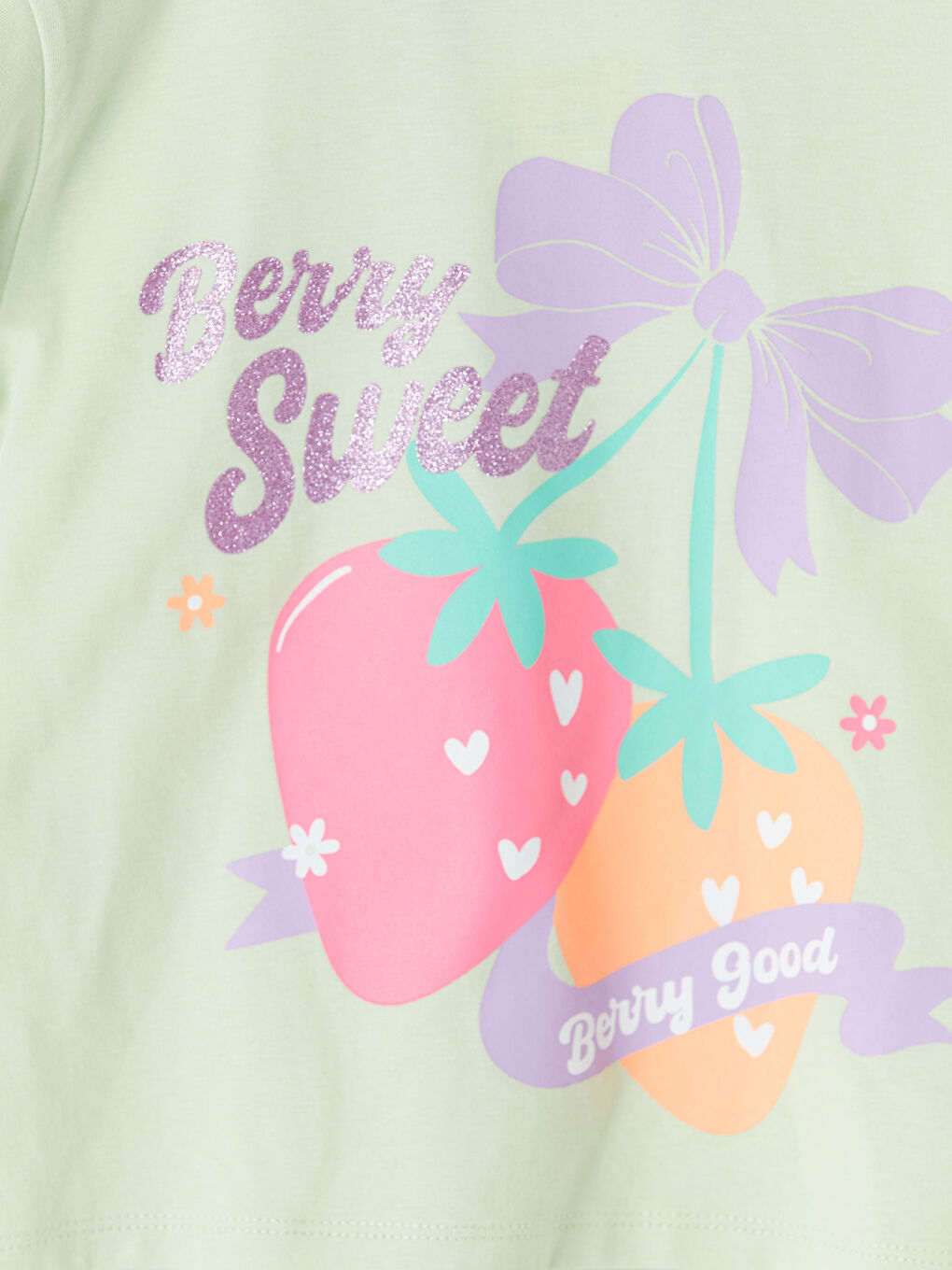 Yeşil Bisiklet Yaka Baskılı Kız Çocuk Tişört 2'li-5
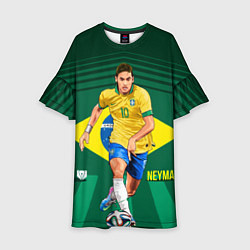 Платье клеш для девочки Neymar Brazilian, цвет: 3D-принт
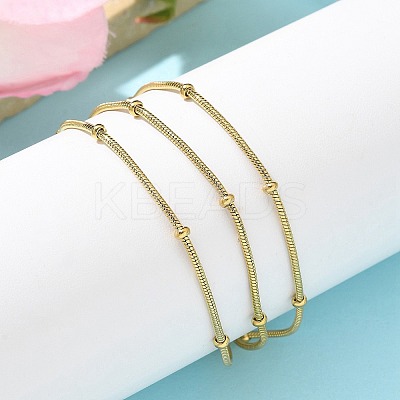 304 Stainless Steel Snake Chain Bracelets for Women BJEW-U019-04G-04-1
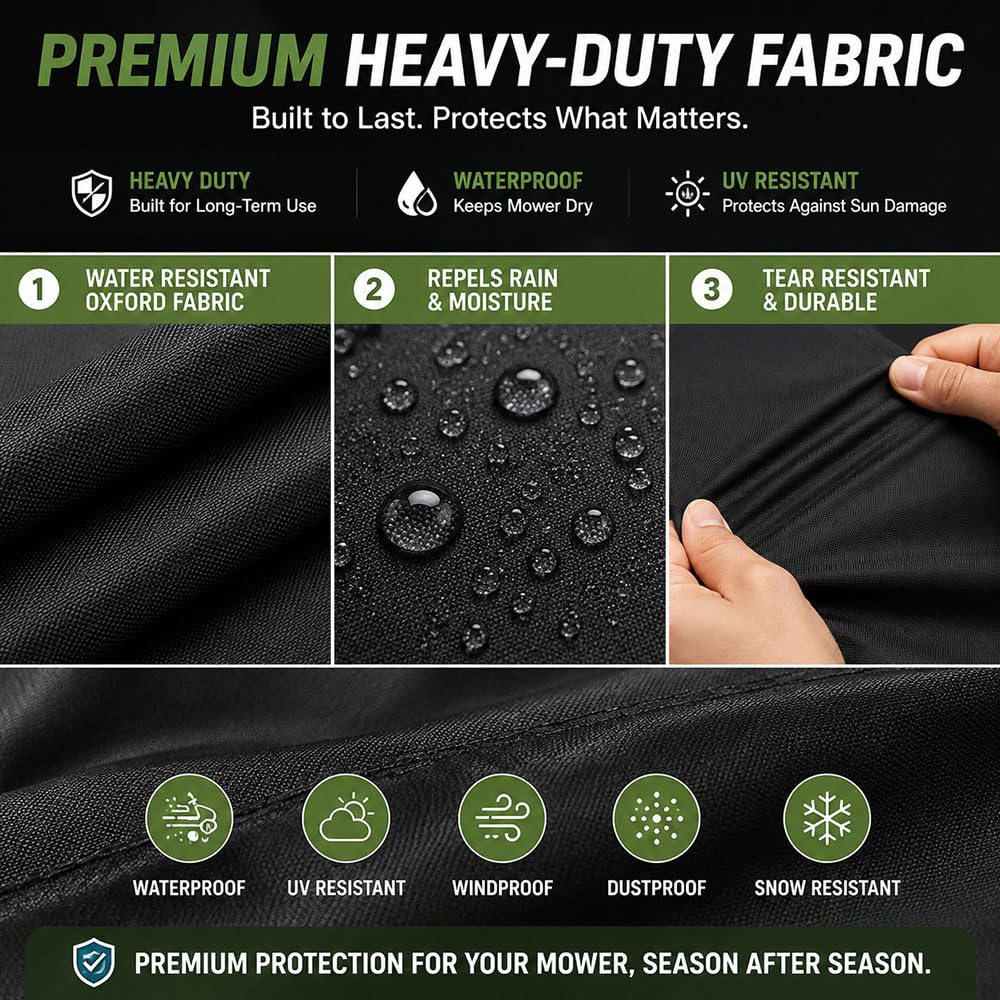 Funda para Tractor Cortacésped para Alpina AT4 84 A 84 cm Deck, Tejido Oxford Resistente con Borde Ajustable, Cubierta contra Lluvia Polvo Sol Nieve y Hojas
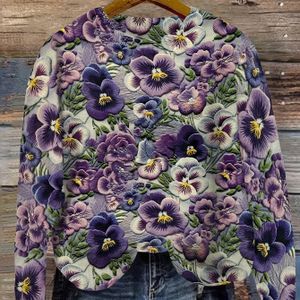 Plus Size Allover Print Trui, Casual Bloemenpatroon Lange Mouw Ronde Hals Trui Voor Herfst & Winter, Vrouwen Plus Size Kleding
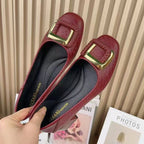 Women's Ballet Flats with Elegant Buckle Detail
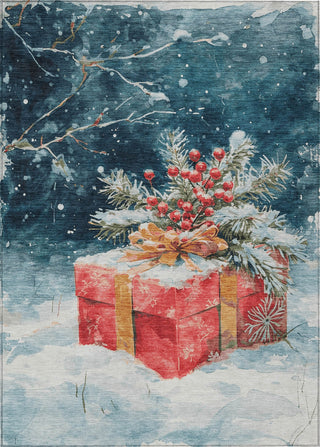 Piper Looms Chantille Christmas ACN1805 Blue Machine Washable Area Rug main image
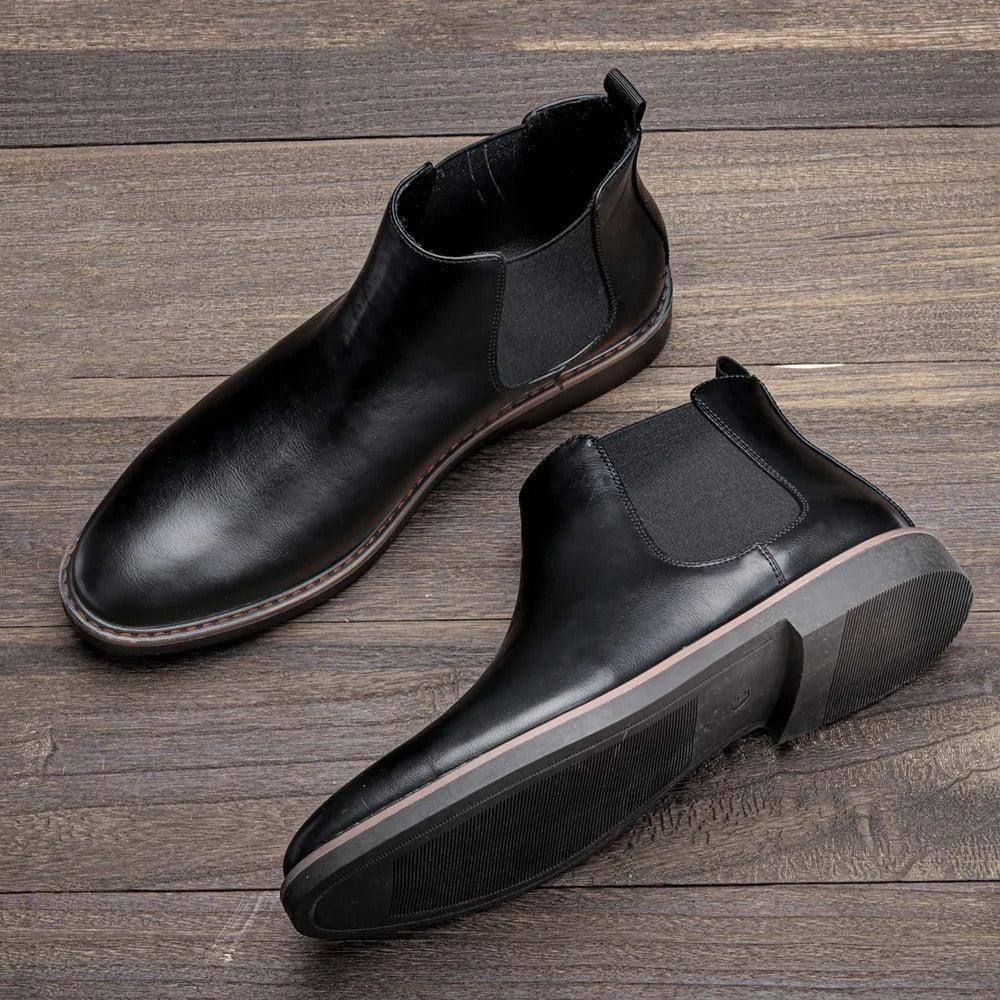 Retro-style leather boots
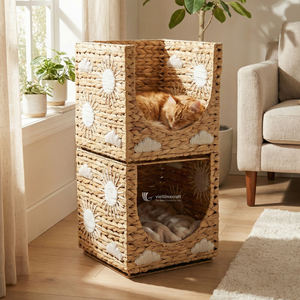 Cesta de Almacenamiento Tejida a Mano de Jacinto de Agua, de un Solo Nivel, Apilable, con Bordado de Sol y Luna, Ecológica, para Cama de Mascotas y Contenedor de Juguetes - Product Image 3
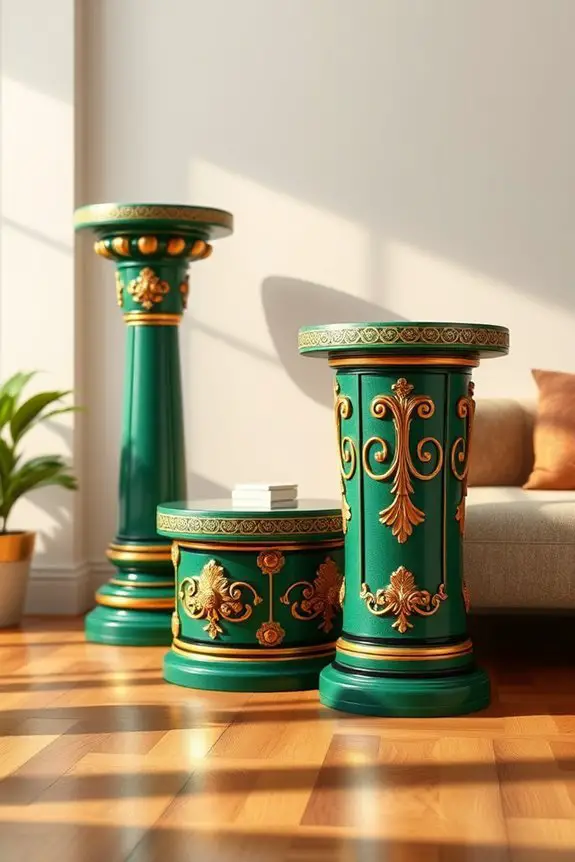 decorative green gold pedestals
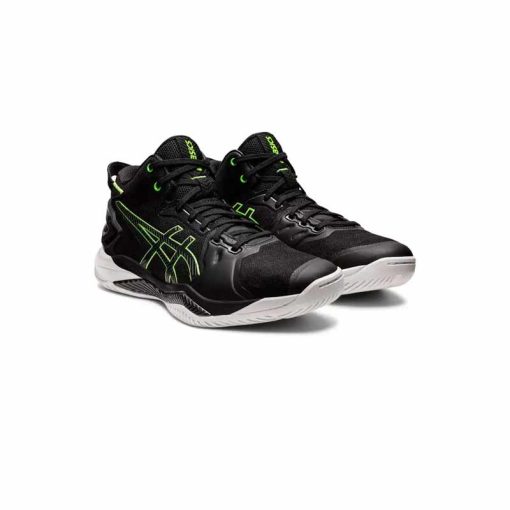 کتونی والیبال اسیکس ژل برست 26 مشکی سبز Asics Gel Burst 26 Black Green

= = =

▸ Exercise details
Output the records exactly, please. The pictures are not part of the copy.

▸ Output below
 Yeşil Bisiklet Yaka Baskılı Kız Çocuk Tişört 2'li-5
 Платье клеш для девочки Neymar Brazilian, цвет: 3D-принт
 304 Stainless Steel Snake Chain Bracelets for Women BJEW-U019-04G-04-1
 Funda para Tractor Cortacésped para Alpina AT4 84 A 84 cm Deck, Tejido Oxford Resistente con Borde Ajustable, Cubierta contra Lluvia Polvo Sol Nieve y Hojas
 Plus Size Allover Print Trui, Casual Bloemenpatroon Lange Mouw Ronde Hals Trui Voor Herfst & Winter, Vrouwen Plus Size Kleding
 Women's Ballet Flats with Elegant Buckle Detail
 Piper Looms Chantille Christmas ACN1805 Blue Machine Washable Area Rug main image
 Retro-style leather boots
 Cesta de Almacenamiento Tejida a Mano de Jacinto de Agua, de un Solo Nivel, Apilable, con Bordado de Sol y Luna, Ecológica, para Cama de Mascotas y Contenedor de Juguetes - Product Image 3
 decorative green gold pedestals
 کتونی والیبال اسیکس ژل برست 26 مشکی سبز Asics Gel Burst 26 Black Green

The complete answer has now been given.